Recorded data:
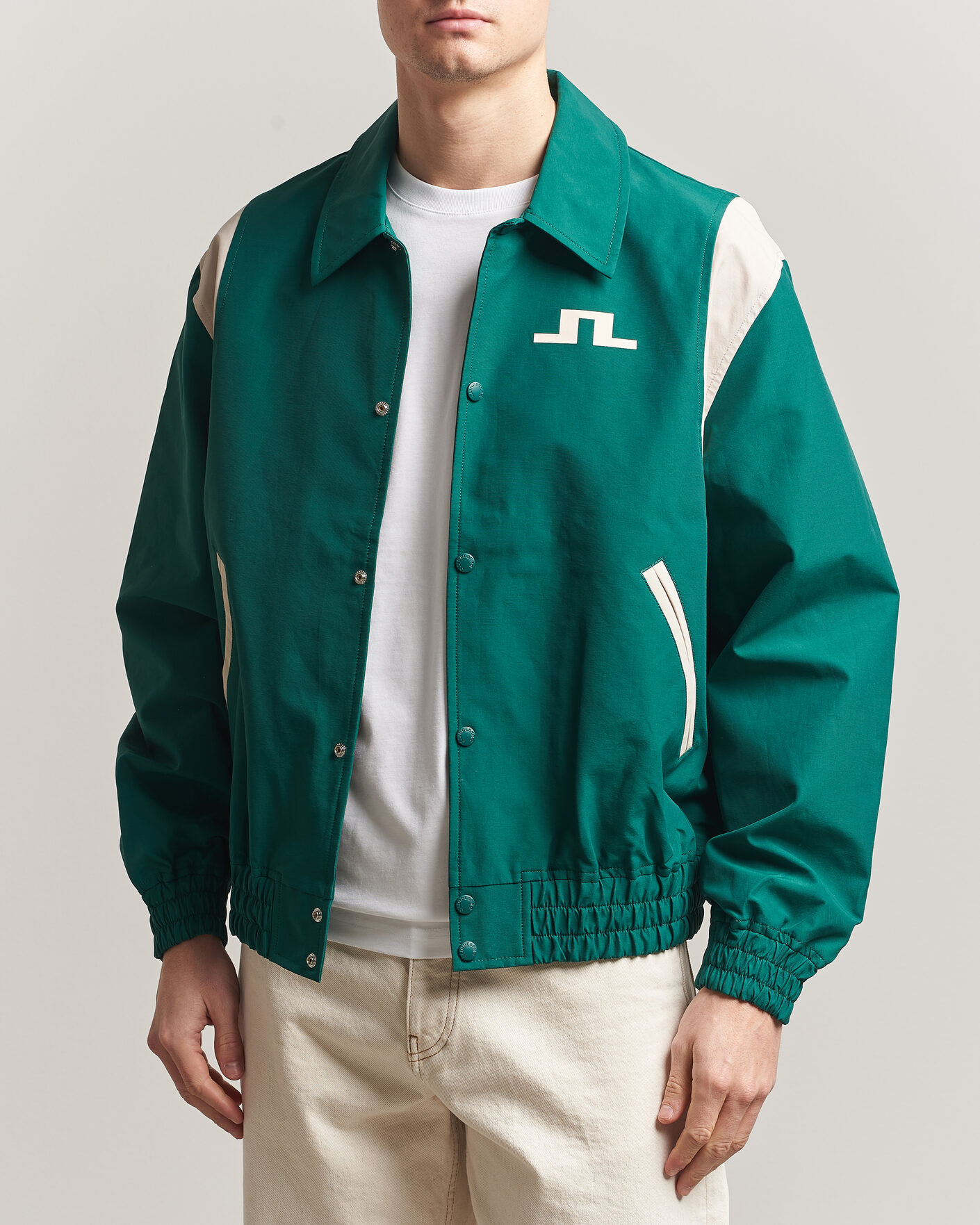 Herren | Jacken | J.Lindeberg | Bridger Tour Jacket Forest Biome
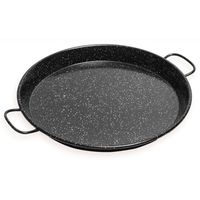 briebe bri-700514 paellera valenciana induccion 15cm para vitroceramica fuego gas horno negro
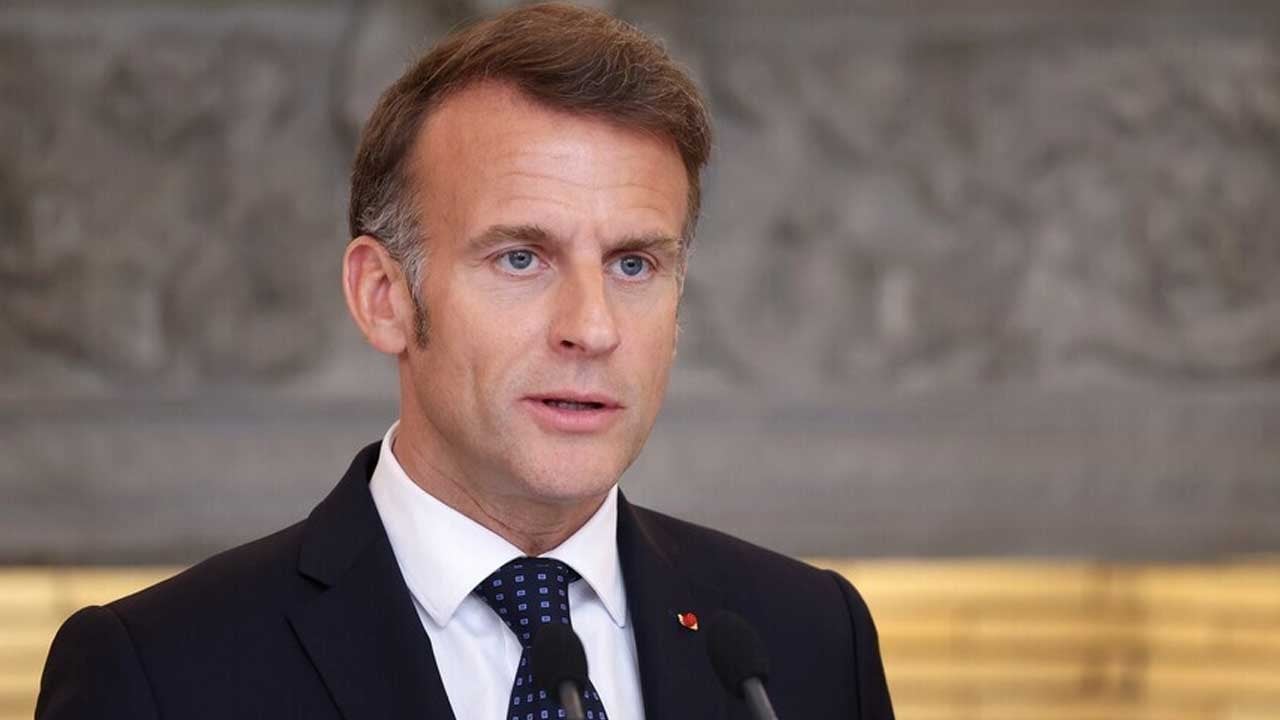 Macron'dan Hürmüz açıklaması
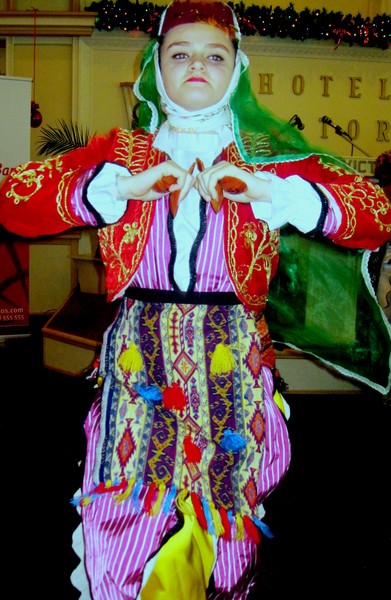 Traditional dance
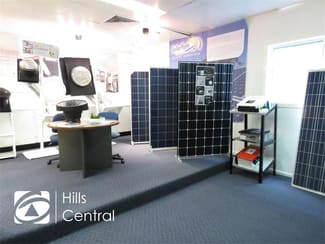 Shop & Retail commercial property leased at 8a/8 Victoria Avenue Castle Hill NSW 2154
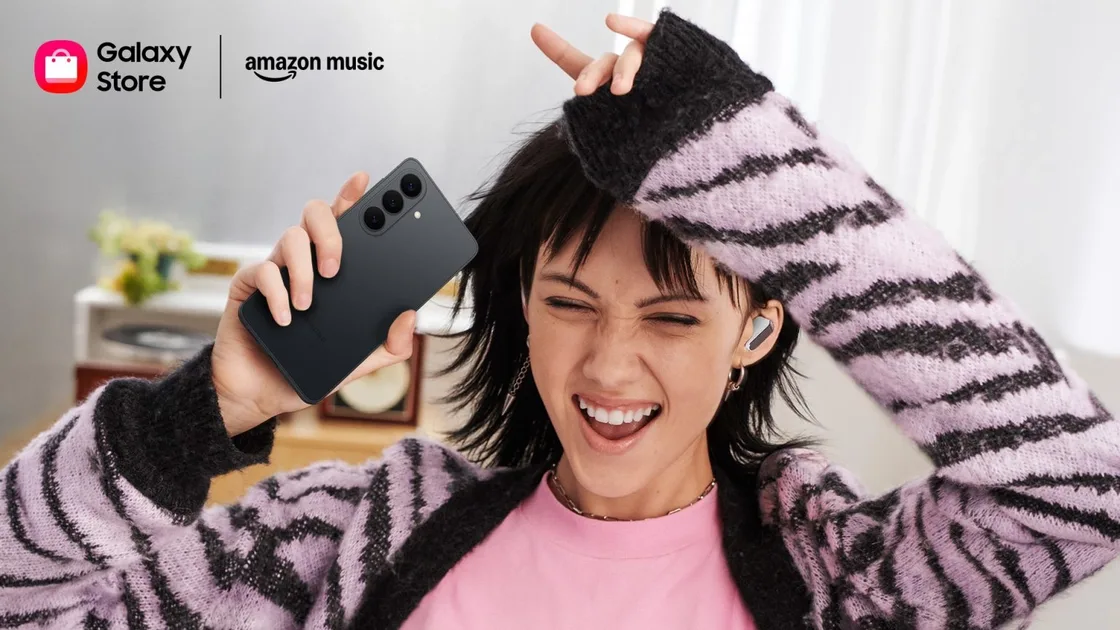 Amazon Music на пристроях Samsung Galaxy: вмонтування та спеціальна пропозиція
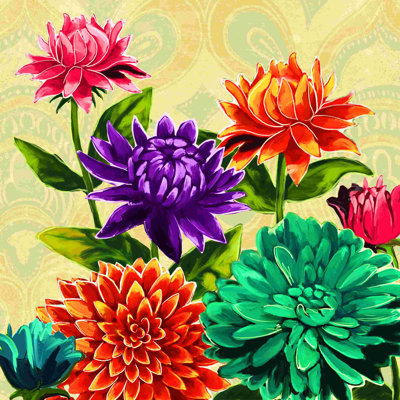 " Bright Fun " Painting Print
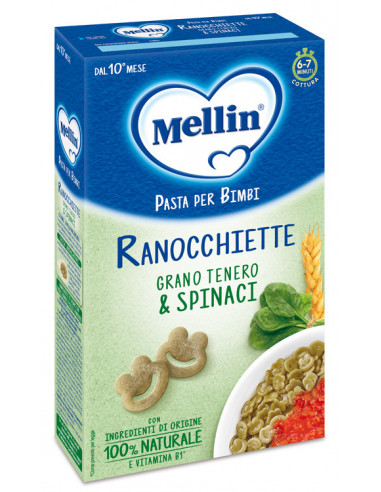 Mellin ranocchiette c/spinaci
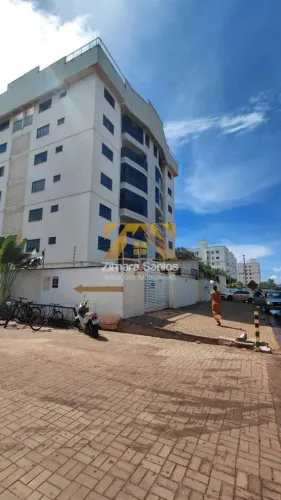 Apartamento com 2/4 para Locação, Quadra ARNE 61 504 Norte, Residencial Catalunya - Plano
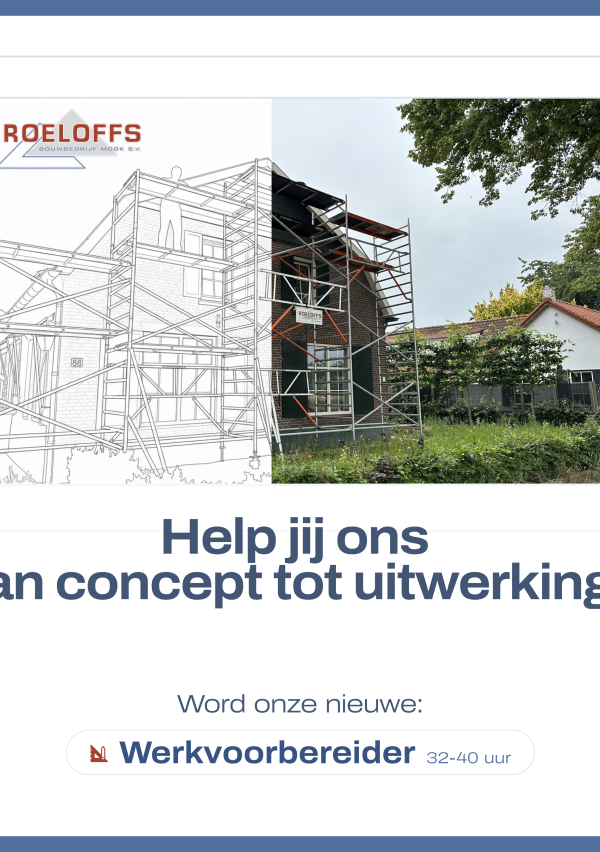 Roeloffs Bouwbedrijf Mook B.V., 100 jaar vakmanschap! 4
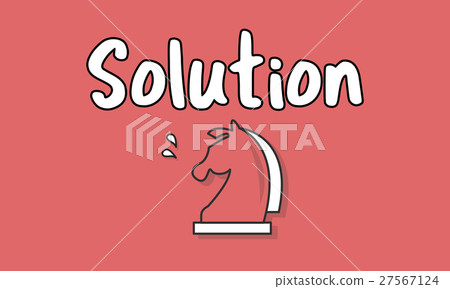 Knight Chess Piece Graphic Concept Knight Chess Piece Graphic Concept 27567124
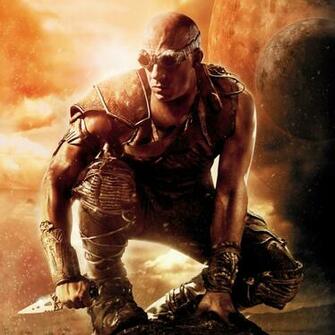 Riddick iPad Wallpaper Retina HD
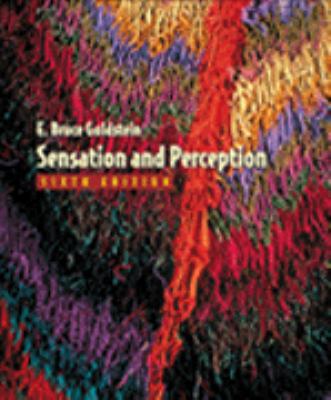 Sensation and Perception 0534539645 Book Cover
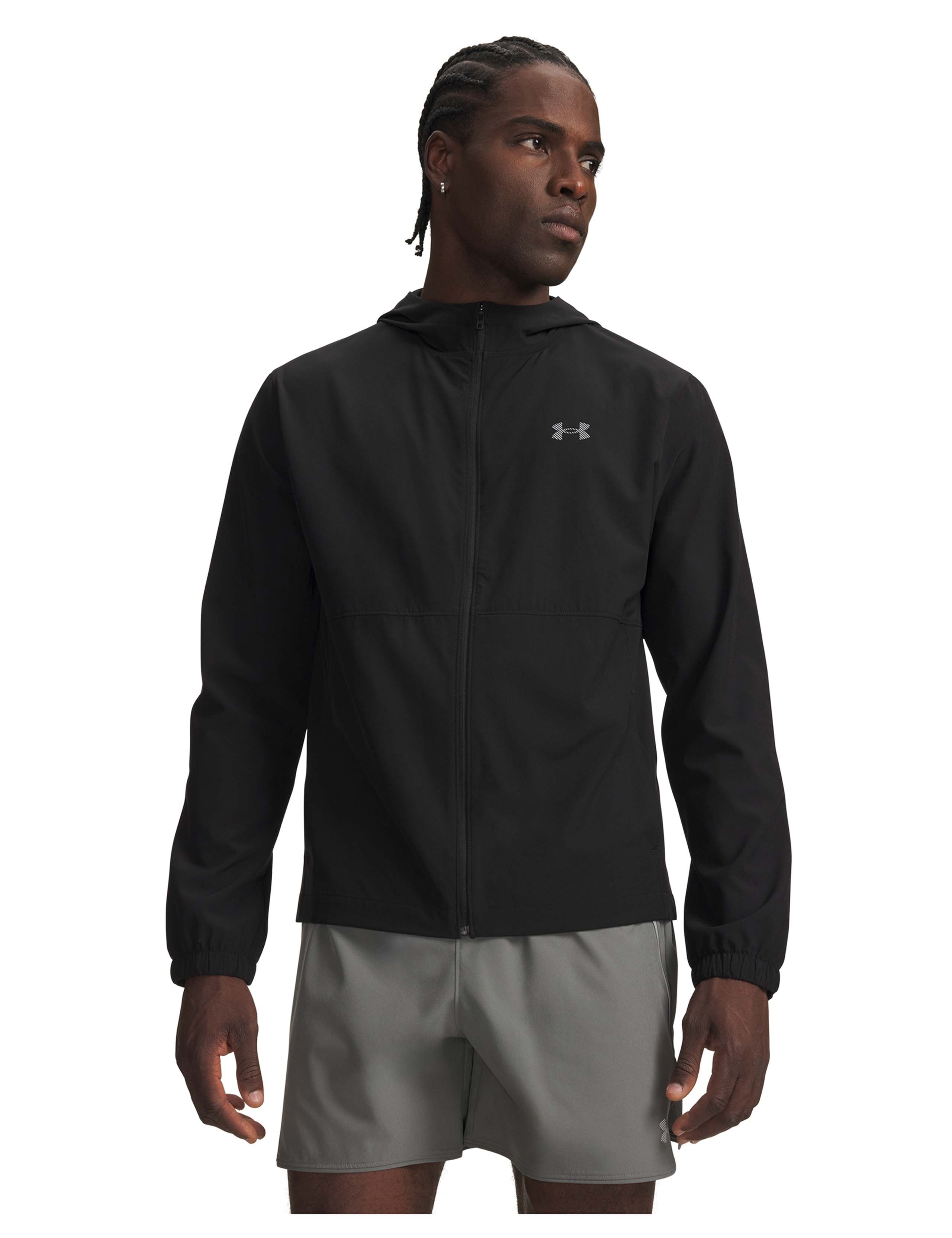 Velociti Quick Dry Hooded Running Jacket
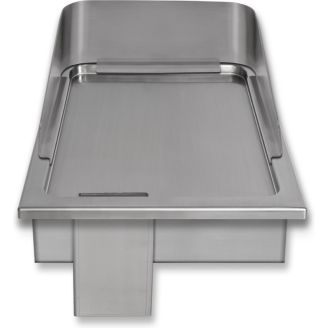 Berner inbouw braadpan glad 5,6 kW 1 zone Speed 400mm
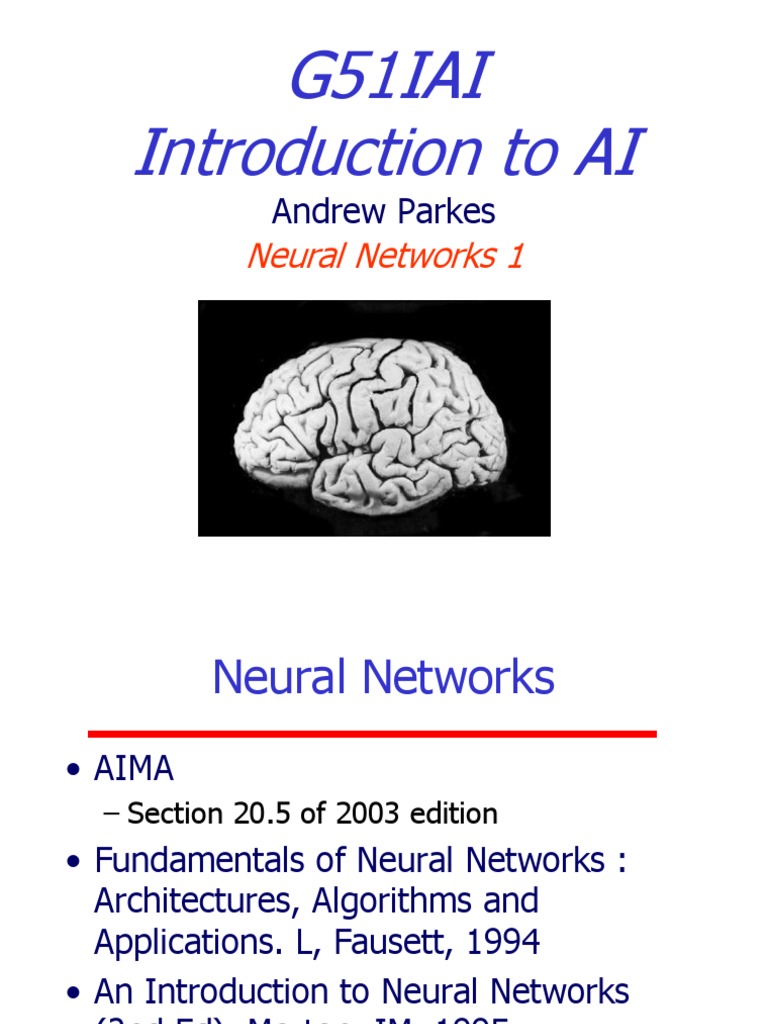 Introduction to Neural Networks Basics | PDF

* _ASSIGNMENT_
Your task is to transcribe, exactly and without additions, every line from the one that contains "Sensation and Perception" to the end of the entries above, both included. Omit all pictures.

* _OUTPUT BELOW_
 Sensation and Perception 0534539645 Book Cover
 Velociti Quick Dry Hooded Running Jacket
 Berner inbouw braadpan glad 5,6 kW 1 zone Speed 400mm
 Introduction to Neural Networks Basics | PDF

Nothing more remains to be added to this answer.